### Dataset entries
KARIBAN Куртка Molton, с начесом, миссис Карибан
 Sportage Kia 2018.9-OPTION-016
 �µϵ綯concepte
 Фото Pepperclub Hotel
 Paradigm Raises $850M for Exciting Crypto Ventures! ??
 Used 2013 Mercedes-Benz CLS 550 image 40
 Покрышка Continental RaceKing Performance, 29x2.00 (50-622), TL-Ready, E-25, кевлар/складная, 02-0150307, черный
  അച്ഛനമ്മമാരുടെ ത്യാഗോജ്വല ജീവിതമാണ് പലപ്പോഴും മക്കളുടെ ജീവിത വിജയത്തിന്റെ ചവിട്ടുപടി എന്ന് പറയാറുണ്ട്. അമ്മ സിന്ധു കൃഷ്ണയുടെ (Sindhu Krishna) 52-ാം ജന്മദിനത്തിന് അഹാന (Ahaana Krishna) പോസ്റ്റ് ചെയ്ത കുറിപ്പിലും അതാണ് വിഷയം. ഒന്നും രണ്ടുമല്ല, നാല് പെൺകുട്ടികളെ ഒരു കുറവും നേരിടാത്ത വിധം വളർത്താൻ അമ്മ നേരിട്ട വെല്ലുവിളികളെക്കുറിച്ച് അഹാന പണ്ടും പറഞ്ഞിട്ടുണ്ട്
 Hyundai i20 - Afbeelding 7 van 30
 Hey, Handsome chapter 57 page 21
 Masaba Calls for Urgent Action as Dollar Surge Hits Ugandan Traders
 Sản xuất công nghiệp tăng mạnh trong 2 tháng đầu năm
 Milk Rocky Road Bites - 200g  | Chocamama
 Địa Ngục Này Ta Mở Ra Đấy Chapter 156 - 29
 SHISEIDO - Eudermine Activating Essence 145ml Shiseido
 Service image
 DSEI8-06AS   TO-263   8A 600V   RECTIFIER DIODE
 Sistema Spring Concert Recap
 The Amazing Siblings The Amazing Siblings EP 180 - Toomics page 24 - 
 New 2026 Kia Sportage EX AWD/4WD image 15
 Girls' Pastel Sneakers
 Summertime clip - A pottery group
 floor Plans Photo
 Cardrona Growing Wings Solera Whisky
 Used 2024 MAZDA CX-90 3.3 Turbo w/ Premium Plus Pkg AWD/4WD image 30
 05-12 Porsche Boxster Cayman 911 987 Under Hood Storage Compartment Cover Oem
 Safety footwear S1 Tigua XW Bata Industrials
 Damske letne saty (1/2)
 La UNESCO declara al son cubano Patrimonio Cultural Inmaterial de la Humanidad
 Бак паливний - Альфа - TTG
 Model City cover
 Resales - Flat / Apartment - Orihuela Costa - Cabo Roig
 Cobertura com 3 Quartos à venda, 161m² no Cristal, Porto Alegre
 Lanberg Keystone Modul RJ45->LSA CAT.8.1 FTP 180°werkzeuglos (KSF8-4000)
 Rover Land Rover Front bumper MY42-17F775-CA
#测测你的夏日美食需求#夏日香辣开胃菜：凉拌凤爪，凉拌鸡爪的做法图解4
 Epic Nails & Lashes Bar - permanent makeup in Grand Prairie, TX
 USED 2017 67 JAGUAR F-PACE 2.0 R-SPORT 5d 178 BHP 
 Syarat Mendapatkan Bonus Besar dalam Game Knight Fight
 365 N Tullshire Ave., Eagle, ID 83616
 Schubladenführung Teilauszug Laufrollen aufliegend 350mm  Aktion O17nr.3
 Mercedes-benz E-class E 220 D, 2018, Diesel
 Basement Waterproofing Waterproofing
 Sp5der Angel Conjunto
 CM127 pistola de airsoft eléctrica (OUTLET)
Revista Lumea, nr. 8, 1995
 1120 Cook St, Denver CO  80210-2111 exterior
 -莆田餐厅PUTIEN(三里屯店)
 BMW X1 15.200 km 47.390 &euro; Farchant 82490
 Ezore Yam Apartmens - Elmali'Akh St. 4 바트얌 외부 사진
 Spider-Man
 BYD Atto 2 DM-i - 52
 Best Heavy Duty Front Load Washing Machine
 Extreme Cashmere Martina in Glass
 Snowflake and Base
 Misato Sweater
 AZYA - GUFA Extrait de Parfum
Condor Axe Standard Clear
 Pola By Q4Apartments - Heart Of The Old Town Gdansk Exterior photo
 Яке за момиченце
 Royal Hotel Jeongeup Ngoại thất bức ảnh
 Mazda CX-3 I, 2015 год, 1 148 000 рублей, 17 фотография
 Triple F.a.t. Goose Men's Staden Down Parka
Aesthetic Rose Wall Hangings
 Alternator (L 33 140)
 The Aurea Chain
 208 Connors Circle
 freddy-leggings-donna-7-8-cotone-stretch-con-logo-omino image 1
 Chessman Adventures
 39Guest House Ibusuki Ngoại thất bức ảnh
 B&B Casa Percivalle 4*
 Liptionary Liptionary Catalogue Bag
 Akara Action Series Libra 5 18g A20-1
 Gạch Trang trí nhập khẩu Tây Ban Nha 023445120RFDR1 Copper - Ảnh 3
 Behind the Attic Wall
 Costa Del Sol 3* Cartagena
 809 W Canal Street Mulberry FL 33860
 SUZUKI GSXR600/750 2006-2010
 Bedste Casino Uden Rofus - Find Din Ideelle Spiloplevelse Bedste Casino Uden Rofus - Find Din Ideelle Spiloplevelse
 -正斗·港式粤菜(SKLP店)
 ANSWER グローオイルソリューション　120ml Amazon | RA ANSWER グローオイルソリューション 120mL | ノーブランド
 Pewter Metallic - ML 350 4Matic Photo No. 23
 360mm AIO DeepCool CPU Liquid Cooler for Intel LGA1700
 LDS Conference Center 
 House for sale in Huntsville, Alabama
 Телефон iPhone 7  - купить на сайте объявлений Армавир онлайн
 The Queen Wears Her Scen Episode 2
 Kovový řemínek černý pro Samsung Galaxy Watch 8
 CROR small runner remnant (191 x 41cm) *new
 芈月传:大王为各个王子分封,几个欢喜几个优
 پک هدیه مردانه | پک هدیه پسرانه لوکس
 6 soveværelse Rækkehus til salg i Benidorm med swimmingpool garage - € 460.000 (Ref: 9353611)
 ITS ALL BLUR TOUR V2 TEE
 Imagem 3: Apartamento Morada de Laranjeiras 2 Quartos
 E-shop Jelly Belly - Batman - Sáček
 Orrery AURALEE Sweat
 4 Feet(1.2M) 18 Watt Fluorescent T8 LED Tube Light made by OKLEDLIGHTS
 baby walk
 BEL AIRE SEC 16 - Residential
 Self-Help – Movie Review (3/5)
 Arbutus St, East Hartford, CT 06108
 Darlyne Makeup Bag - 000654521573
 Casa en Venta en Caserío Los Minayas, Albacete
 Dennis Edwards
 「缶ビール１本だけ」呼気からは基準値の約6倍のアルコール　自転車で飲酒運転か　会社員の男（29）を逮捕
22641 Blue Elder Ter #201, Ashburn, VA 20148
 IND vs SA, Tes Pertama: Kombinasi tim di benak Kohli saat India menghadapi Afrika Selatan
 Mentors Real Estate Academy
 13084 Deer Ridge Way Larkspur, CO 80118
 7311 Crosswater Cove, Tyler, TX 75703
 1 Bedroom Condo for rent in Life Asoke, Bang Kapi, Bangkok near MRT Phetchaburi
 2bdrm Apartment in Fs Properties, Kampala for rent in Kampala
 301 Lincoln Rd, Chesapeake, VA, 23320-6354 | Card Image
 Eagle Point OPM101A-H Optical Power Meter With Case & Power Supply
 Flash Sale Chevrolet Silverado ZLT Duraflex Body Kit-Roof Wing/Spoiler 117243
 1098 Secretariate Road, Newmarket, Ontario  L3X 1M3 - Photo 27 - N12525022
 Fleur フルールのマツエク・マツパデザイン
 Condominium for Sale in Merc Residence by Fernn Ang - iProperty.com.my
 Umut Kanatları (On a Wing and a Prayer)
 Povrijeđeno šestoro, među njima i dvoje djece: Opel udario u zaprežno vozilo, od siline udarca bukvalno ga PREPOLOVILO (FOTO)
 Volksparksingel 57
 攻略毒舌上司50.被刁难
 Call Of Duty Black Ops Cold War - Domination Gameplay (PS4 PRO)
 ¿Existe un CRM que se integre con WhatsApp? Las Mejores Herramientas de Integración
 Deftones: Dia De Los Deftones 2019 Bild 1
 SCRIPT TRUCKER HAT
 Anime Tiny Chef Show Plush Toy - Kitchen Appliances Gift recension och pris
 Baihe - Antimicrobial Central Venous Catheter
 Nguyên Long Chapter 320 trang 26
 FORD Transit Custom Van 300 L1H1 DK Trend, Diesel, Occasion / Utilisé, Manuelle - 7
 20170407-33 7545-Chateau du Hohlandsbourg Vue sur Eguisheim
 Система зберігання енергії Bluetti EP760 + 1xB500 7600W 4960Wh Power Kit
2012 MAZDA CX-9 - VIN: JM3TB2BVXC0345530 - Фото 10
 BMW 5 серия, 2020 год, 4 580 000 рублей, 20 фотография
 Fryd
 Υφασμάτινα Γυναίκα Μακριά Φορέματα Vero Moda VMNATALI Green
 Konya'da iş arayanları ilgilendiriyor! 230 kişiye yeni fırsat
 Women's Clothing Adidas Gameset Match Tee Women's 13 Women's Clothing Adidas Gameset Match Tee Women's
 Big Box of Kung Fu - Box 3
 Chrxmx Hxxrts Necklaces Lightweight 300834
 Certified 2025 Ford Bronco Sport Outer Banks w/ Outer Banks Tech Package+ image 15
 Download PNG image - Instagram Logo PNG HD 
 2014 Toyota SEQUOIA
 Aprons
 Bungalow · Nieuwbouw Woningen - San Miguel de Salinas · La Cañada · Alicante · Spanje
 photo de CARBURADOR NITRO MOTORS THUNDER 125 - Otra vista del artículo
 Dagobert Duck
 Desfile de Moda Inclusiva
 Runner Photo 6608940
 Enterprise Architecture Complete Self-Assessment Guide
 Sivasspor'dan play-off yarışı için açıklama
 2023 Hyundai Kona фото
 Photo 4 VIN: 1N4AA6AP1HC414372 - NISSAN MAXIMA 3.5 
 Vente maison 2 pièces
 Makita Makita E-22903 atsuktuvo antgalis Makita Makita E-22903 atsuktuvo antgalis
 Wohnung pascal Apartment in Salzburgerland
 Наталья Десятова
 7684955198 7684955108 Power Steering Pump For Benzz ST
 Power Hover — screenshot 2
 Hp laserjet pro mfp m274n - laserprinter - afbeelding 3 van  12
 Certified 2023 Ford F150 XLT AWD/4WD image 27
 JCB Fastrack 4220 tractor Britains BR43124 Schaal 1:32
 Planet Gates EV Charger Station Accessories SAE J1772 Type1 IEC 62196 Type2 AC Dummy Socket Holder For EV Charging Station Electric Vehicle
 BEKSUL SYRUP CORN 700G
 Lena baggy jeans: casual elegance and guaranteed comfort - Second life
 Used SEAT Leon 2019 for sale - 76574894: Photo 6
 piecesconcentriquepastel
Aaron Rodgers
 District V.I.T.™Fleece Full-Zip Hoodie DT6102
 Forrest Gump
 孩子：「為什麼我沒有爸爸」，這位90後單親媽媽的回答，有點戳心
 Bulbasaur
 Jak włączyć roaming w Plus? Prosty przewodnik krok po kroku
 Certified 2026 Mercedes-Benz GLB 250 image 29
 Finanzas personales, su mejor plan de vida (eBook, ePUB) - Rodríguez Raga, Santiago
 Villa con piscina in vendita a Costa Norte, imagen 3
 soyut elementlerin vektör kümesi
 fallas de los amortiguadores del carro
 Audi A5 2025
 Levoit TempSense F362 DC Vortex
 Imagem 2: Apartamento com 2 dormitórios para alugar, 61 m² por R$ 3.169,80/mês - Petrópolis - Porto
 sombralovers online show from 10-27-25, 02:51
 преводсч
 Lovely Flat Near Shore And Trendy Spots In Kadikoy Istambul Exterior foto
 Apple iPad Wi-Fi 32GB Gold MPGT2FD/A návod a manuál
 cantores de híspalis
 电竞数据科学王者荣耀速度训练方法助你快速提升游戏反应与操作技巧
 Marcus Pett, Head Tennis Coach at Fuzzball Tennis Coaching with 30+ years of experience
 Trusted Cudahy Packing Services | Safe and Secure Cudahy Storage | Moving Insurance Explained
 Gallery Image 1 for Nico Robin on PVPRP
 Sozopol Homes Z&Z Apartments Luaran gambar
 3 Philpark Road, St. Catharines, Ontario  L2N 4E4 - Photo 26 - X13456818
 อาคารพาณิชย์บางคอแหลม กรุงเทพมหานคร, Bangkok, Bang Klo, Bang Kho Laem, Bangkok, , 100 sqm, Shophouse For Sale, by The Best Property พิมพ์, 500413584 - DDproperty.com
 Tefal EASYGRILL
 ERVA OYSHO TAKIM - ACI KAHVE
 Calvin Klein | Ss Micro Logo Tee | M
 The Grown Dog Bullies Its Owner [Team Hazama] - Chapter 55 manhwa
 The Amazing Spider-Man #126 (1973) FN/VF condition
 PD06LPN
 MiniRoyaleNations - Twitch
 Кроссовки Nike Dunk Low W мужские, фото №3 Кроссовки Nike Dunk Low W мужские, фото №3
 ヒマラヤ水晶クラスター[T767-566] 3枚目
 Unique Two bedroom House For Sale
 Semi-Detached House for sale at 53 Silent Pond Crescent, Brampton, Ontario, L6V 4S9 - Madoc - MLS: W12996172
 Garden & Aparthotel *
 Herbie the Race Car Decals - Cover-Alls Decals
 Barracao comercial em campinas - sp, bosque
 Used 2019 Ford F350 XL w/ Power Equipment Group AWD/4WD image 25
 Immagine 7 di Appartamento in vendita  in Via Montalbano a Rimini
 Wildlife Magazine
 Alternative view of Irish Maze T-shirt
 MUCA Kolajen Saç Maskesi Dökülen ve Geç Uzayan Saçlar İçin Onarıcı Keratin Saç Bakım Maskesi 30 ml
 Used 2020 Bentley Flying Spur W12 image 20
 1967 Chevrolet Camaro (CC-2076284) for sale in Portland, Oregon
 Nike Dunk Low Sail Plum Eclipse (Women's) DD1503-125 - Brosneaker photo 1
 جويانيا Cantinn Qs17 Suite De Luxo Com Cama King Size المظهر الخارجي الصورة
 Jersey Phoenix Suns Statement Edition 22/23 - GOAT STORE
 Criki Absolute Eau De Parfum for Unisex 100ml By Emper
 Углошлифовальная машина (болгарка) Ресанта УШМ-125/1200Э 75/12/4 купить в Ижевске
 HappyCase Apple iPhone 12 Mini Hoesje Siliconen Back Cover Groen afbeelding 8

### Work order
Once you find the line with "ANSWER グローオイルソリューション　120ml Amazon" in the entries above, output it and each line after it up to and including the line with "Orrery AURALEE Sweat", and nothing else.

### Answer to the exercise
 ANSWER グローオイルソリューション　120ml Amazon | RA ANSWER グローオイルソリューション 120mL | ノーブランド
 Pewter Metallic - ML 350 4Matic Photo No. 23
 360mm AIO DeepCool CPU Liquid Cooler for Intel LGA1700
 LDS Conference Center 
 House for sale in Huntsville, Alabama
 Телефон iPhone 7  - купить на сайте объявлений Армавир онлайн
 The Queen Wears Her Scen Episode 2
 Kovový řemínek černý pro Samsung Galaxy Watch 8
 CROR small runner remnant (191 x 41cm) *new
 芈月传:大王为各个王子分封,几个欢喜几个优
 پک هدیه مردانه | پک هدیه پسرانه لوکس
 6 soveværelse Rækkehus til salg i Benidorm med swimmingpool garage - € 460.000 (Ref: 9353611)
 ITS ALL BLUR TOUR V2 TEE
 Imagem 3: Apartamento Morada de Laranjeiras 2 Quartos
 E-shop Jelly Belly - Batman - Sáček
 Orrery AURALEE Sweat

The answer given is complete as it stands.